– Hablamos de «submarinos» -dijo el abogado especializado en patentes a Josh Winkler-. Submarinos importantes.
– Siga -lo animó Josh, sonriendo.
Se encontraban en un McDonald's de las afueras de la ciudad. Todos los demás comensales eran menores de diecisiete años, resultaba imposible que la empresa llegara a saber que se habían reunido allí.
– Me pidió que estudiara las patentes concedidas o solicitadas en relación con ese «gen de la madurez» -empezó el abogado-. He encontrado cinco, la primera data de 1990.
– Aja.
– Dos son submarinos. Así llamamos a las patentes de contenido poco preciso que se solicitan con intención de que permanezcan sin tramitar a la espera de que alguien descubra algo más que sirva para activarlas. La más conocida es la del COX2…
– Ya la conozco -dijo Josh-. Hace bastante tiempo de eso.
La pelea por la patente del inhibidor de COX2 se había hecho famosa. En el año 2000 se concedió a la Universidad de Rochester una patente por un gen llamado COX2, el cual producía una enzima que causaba dolor. La universidad no tardó nada en demandar a la gran empresa farmacéutica Searle por haber comercializado el Celebrex, un fármaco muy eficaz contra la artritis que actuaba bloqueando dicha enzima. Rochester alegó que el Celebrex había violado su patente genética, aunque esta solo hablaba de los usos generales del gen para combatir el dolor. La universidad no había solicitado ninguna patente de un tipo de fármaco en concreto.

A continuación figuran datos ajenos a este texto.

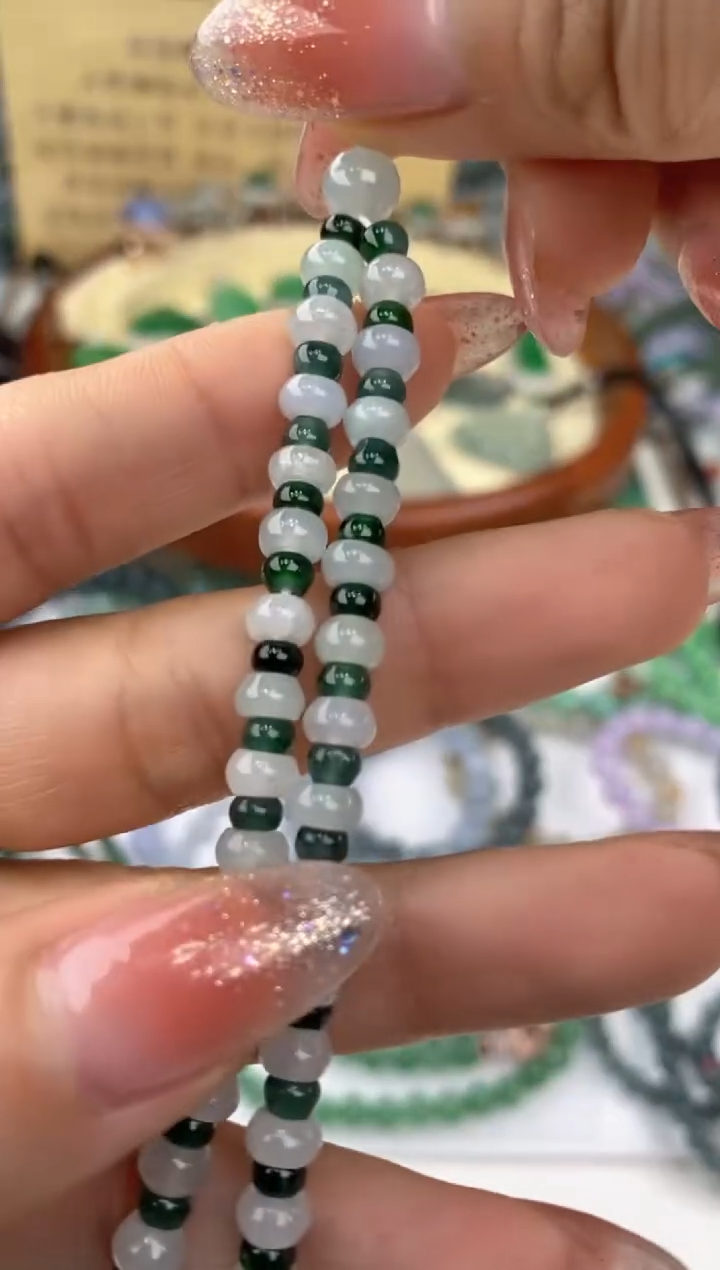 【闪购商品】翡翠吊坠(赠链)未镶嵌26653/静静聊翠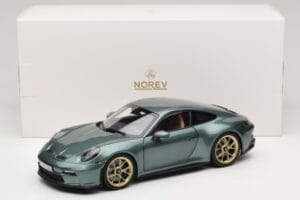 Porsche 911 992 GT3 Touring Package Malachite Green Metallic Norev 1:18 187382 Druckguss — Bild 8 von 8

Así fue como el juez dirimió la cuestión cuatro años más tarde y Rochester acabó perdiendo. El tribunal resolvió que la patente de Rochester era «poco más que un proyecto de investigación» y que, por tanto, la demanda contra Searle quedaba sin efecto.
Sin embargo, el fallo del tribunal no cambió el funcionamiento ya rutinario del registro de patentes. Continuaron concediendo patentes de genes que consistían en listados de contenido muy vago. Podía solicitarse, por ejemplo, una patente de todos los usos de determinado gen para controlar afecciones cardíacas o el dolor, o para combatir las infecciones. Por mucho que los tribunales resolvieran que las patentes no tenían sentido, la oficina las seguía tramitando. De hecho, cada vez había más solicitudes; los contribuyentes, a pagar.
– Vaya al grano -pidió Josh.
El abogado consultó las anotaciones de un cuaderno.
– La que más se ajusta es una solicitud de patente de la aminocarboximuconato metaldehído deshidrogenasa, también conocida como ACMMD, que data de 1998. La patente hace referencia a los efectos potenciales del neurotransmisor sobre el giro cingulado.
– Así es como actúa nuestro gen de la madurez -dijo Josh.
– Exacto. Así que aquel a quien pertenezca la ACMMD tiene el control efectivo sobre el gen de la madurez, puesto que controla la forma en que se manifiesta. Interesante, ¿eh?
– ¿A quién pertenece la patente de la ACMMD? -preguntó Josh.
El abogado pasó unas cuantas páginas.
– La patente la solicitó una empresa llamada GenCoCom, con sede en Newton, Massachusetts. Está recogida en el volumen 11 de 1995. Como parte del acuerdo, todas las solicitudes de patente pasaron a manos del principal inversor, Cari Weigand, que murió en el año 2000, por lo que las heredó su esposa. Ahora lamujer padece un cáncer terminal y tiene intención de cederlas al hospital Boston Memorial.
– ¿Hay algo que usted pueda hacer al respecto?
– No tiene más que pedirlo -dijo el abogado.
– Pues hágalo -le pidió Josh frotándose las manos.